■ **Source data**:
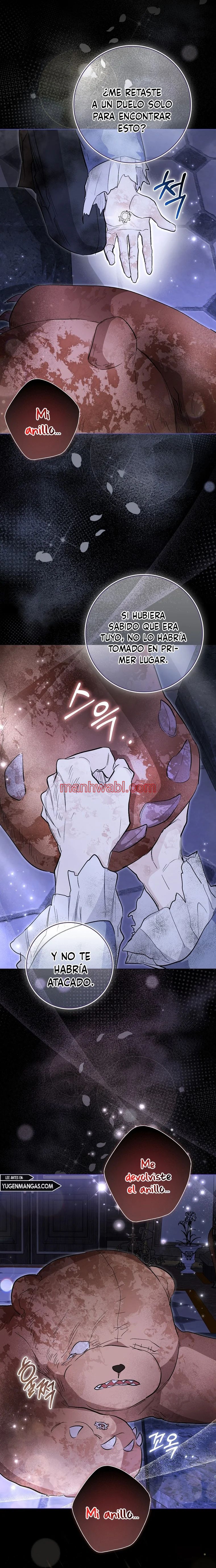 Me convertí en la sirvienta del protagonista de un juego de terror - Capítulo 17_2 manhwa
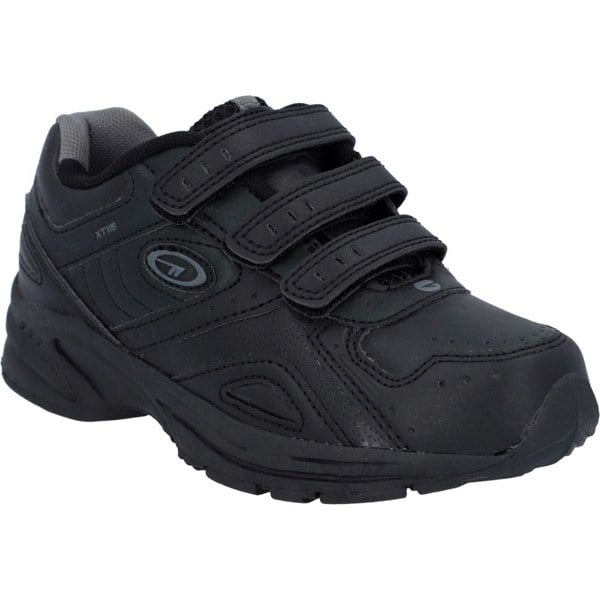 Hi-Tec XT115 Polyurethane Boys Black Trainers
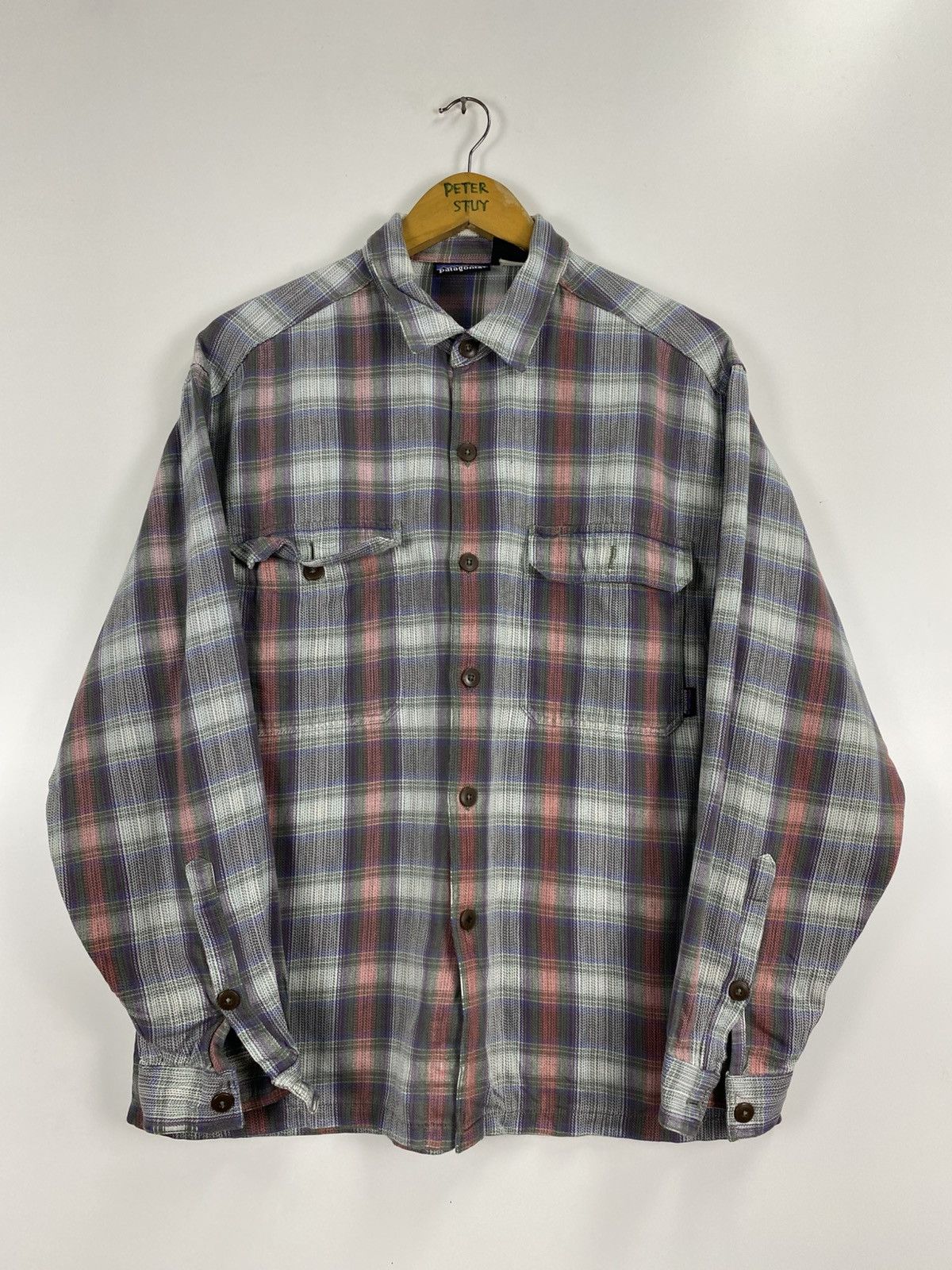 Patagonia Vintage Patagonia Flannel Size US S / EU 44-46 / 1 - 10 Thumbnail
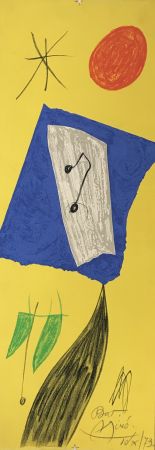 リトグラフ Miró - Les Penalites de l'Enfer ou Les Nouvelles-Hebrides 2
---
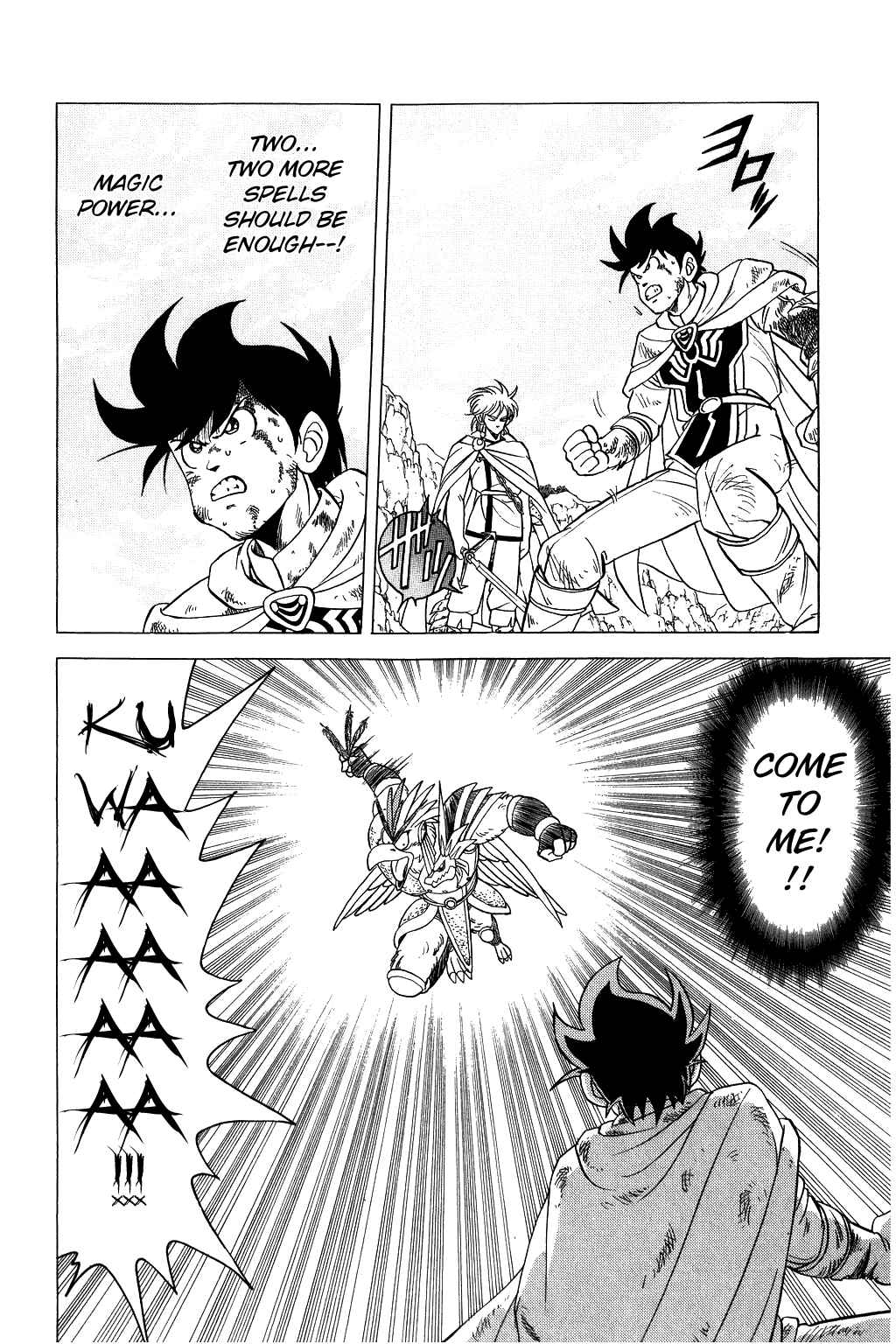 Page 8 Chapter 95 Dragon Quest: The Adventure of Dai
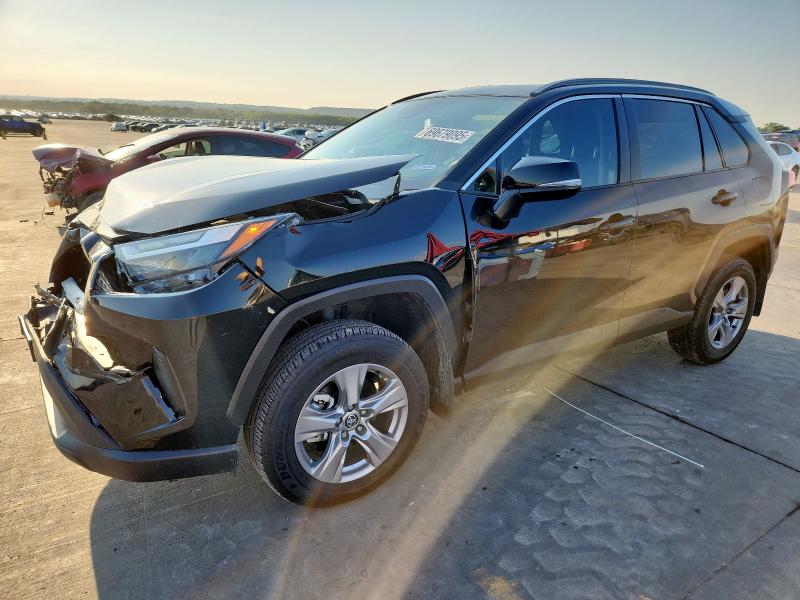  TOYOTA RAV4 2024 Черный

■ **Task requirements**: Going by the data above, give back only the lines from the one containing "Me convertí en" through the one containing "リトグラフ Miró - Les", exactly as they stand, both ends included and no images.

■ **Result**:
 Me convertí en la sirvienta del protagonista de un juego de terror - Capítulo 17_2 manhwa
 Hi-Tec XT115 Polyurethane Boys Black Trainers
 Patagonia Vintage Patagonia Flannel Size US S / EU 44-46 / 1 - 10 Thumbnail
 リトグラフ Miró - Les Penalites de l'Enfer ou Les Nouvelles-Hebrides 2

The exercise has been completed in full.